Otherwise, you idnetify that section, and put some kind of guards onto it. The classic way is to use a semaphore, which is an atomic statement that only allows one thread of control past at a time. These were invented by Edsgar Dijkstra, and so have names that come from the Dutch, P and V. When you come to a P, only one thread can proceed; all other threads are queued and waiting until the executing thread comes to the associated V operation.
Because these primitives are a little primitive, and because the Dutch names aren't very intuitive, there have been some ther larger-scale approaches developed.
Per Brinch-Hansen invented the monitor, which is basically just a data structure that has operations which are guaranteed atomic; they can be implemented with semaphores. Monitors are pretty much what Java synchronized statements are based on; they make an object or code block have that particular behavir -- that is, only one thread can be "in" them at a time -- with simpler syntax.
There are other modeals possible.

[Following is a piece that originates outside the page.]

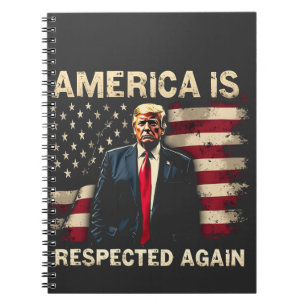 Amerika wordt weer gerespecteerd Trump USA 4 juli Notitieboek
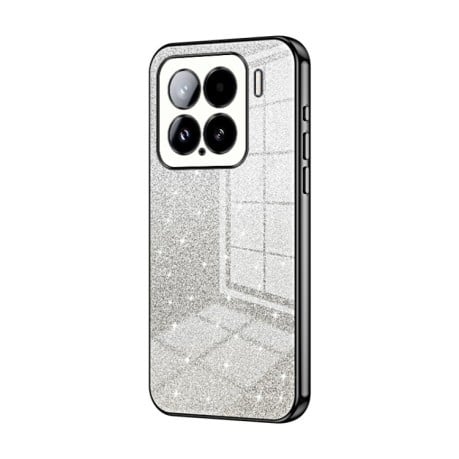Ударозахисний чохол Gradient Glitter Powder Electroplated на Xiaomi 15 - чорний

Haskell and Erlang solve the problem by being functional languages that never allow a variable to be modified once it's created; this means they naturally don't need to wory about synchronization. Some new languages, like Clojure, instead have a structure called "transactional memory", which basically means that when there is an assignment, you're guaranteed the assignment is atomic and reversible.
So that's it in a nutshell. To really learn about it, the best places to look at Operating Systems texts, like, eg, Andy Tannenbaum's text.
The two most common mechanisms for thread communication are shared state and message passing.
THe most common way for threads to communicate is via some shared data structure, typically a queue. Some threads put information into the queue while others take it out. The queue must be protected by operating system facilities such as mutexes and semaphores. Interrupts have nothing to do with it.
If you're really interested in a theory of thread communications, you may want to look into formalisms like the pi Calculus.
To communicate between threads, you'll need to use whatever mechanism is supplied by your operating system and/or runtime. Interrupts would be unusually low level, although they might be used implicitly if your threads communicate using sockets or named pipes.
A common pattern would be to implement shared state using a shared memory block, relying on an os-supplied synchronization primitive such as a mutex to spare you from busy-waiting when your read from the block. Remember that if you have threads at all, then you must have some kind of scheduler already (whether it's native from the OS or emulated in your language runtime). So this scheduler can provide synchronization objects and a "sleep" function without necessarily having to rely on hardware support.
Sockets, pipes, and shared memory work between processes too. Sometimes a runtime will give you a lighter-weight way of doing synchronization for threads within the same process. Shared memory is cheaper within a single process. And sometimes your runtime will also give you an atomic message-passing mechanism.